=== Task description ===
Starting at the line that contains "Outsunny Seră tip", print each line exactly through the end of the listing. Skip any pictures and add nothing.

=== Given material ===
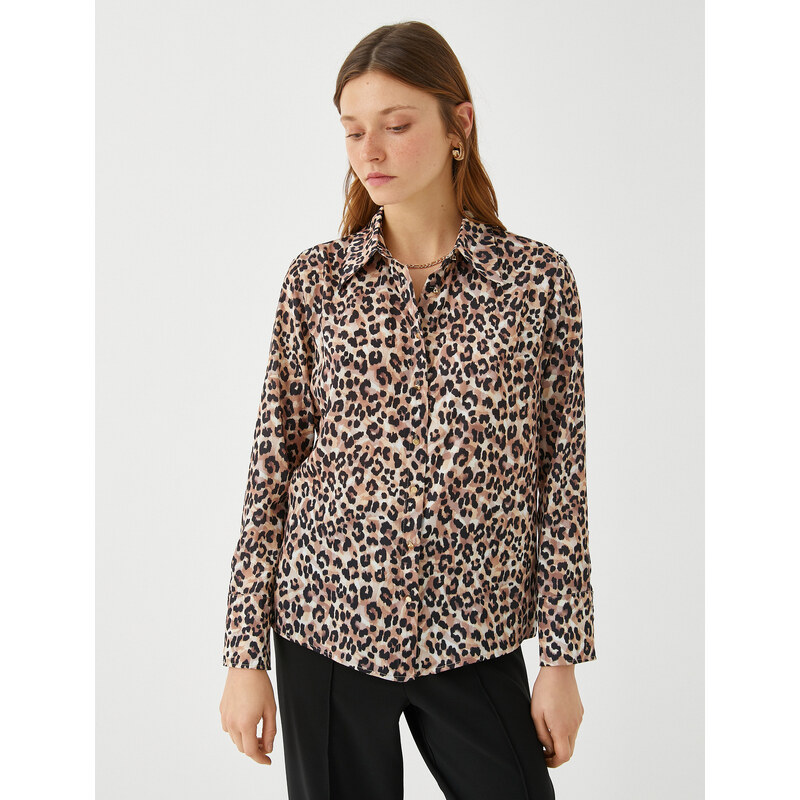 Koton Leopard Pattern Shirt Long Sleeved, Comfortable Cut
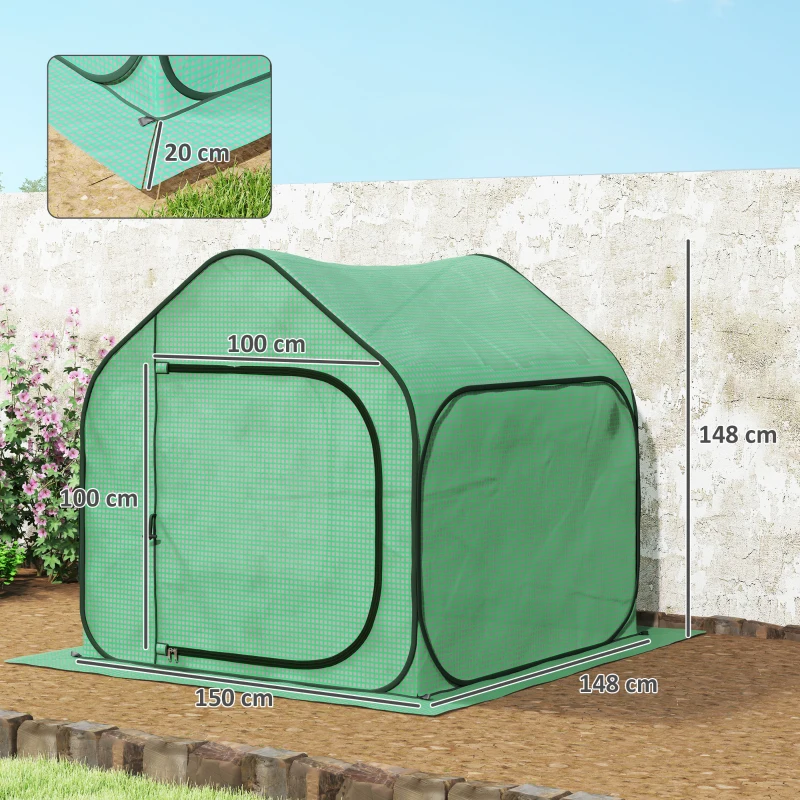Outsunny Seră tip căsuță pliabilă cu intrare cu fermoar, din oțel și PE, 150x148x148 cm, verde
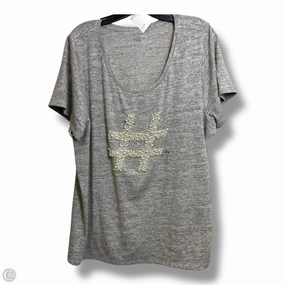 Day-to-Day Comfort Layered Neckline Top Short Sleeve By Lane Bryant In Grey, Size: 2x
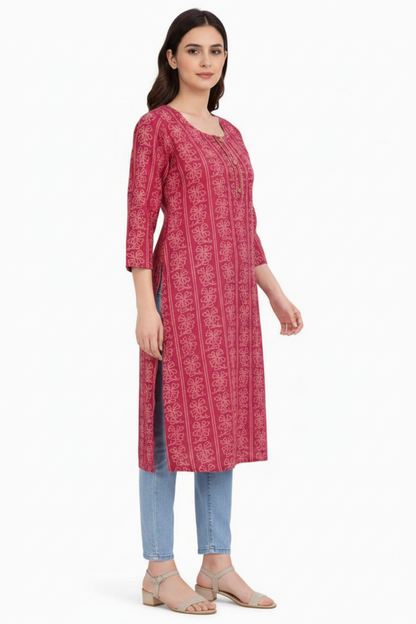 Marjeena women's magenta ethnic printed straight cotton kurti with traditional design and vibrant colors.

=== Answer space ===
Outsunny Seră tip căsuță pliabilă cu intrare cu fermoar, din oțel și PE, 150x148x148 cm, verde
 Day-to-Day Comfort Layered Neckline Top Short Sleeve By Lane Bryant In Grey, Size: 2x
 Marjeena women's magenta ethnic printed straight cotton kurti with traditional design and vibrant colors.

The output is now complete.